CDC Report: Number of Teens Having Sex, Smoking, Drinking Dropping Sharply
A new government report shows that the number of high schoolers having sex is declining sharply and fewer teens are engaging in other risky behaviors like drinking alcohol, smoking cigarettes, and using marijuana.
The report from the Centers for Disease Control and Prevention, which was released Thursday, draws upon results from the The National Youth Risk Behavior Survey, which surveys students in schools.
Over the past 10 years — and especially in the past two years — younger students, African-American and Hispanic, all reported having sex at rates much lower than previous years, the data showed. The CDC report called the declining number of ninth and 10th-graders having sex "especially encouraging."
As noted by The Washington Post Thursday, in 2015, 41.2 percent of high school students reported having had sexual intercourse, compared to 46.8 percent two years prior, the same rate as in 2005.

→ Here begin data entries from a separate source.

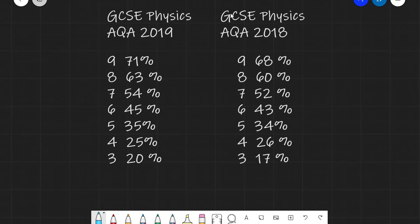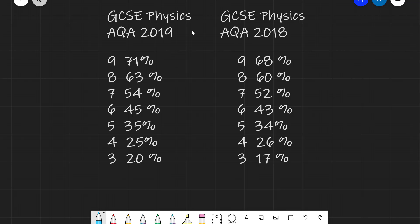Now let's have a look at some GCSE grade boundaries. Looking at AQA from 2019 on the left and 2018 on the right: a grade 9 was 71% in 2019 and 68% in 2018. Grade 8 was 63% and 60%. Grade 7 was 54% and 52%. Grade 6 was around 45% and 43%. Grade 5 was close to 35% and 34%. Grade 4 was 25% and 26%. And grade 3 was 20% and 17%.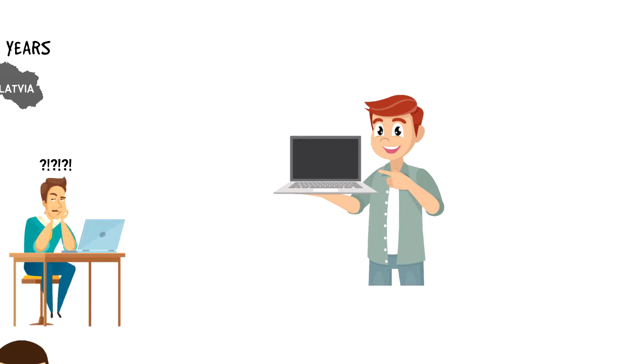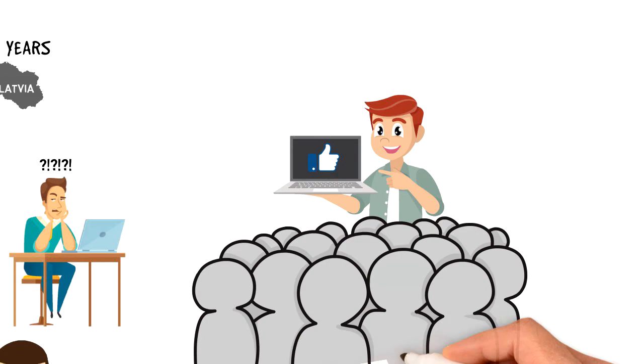If you enjoyed this video, I would really appreciate if you could press the like button, as this will help the video reach more people and spread the message.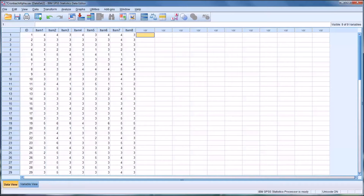Hello, this is Dr. Grande. Welcome to my video on using Cronbach's Alpha to enhance assessment development.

Over 48 percent of black students surveyed in 2015 said they had sex, a significant drop from 60.6 percent two years earlier, and 67.6 percent in 2005. During that same two-year period, sexual activity among Hispanic teens declined from 49.2 percent to 42.5 percent. Also during that two-year period. White students had a smaller decrease, from 43.7 percent to 39.9 percent.
More than 27 percent of ninth-grade boys reported that they had started having sex, a decrease from 32 percent in 2013 and 39.3 percent in 2005. Among ninth-grade girls, 20.7 percent in 2015 said they had had sex, down from 28.1 percent in 2013 and 29.3 percent in 2005.
The researchers said that they could not say what "specific intervention" has furthered the trend.
Kathleen A. Ethier, one of the study's authors who is also the director of the CDC's division of adolescent and school health, told The Washington Post, "we do know that sexual risk, substance use and other behaviors have common risk and protective factors, and that youth development approaches, parental monitoring and connectedness are protective across these behaviors and experiences," noting that additional research is necessary to determine why teen sex and pregnancy has dropped.
The latest CDC report found some disparities among 29 states whose survey findings they examined. Only in North Dakota and Wyoming did the rates of high school sexual activity over the past 10 years show no decline.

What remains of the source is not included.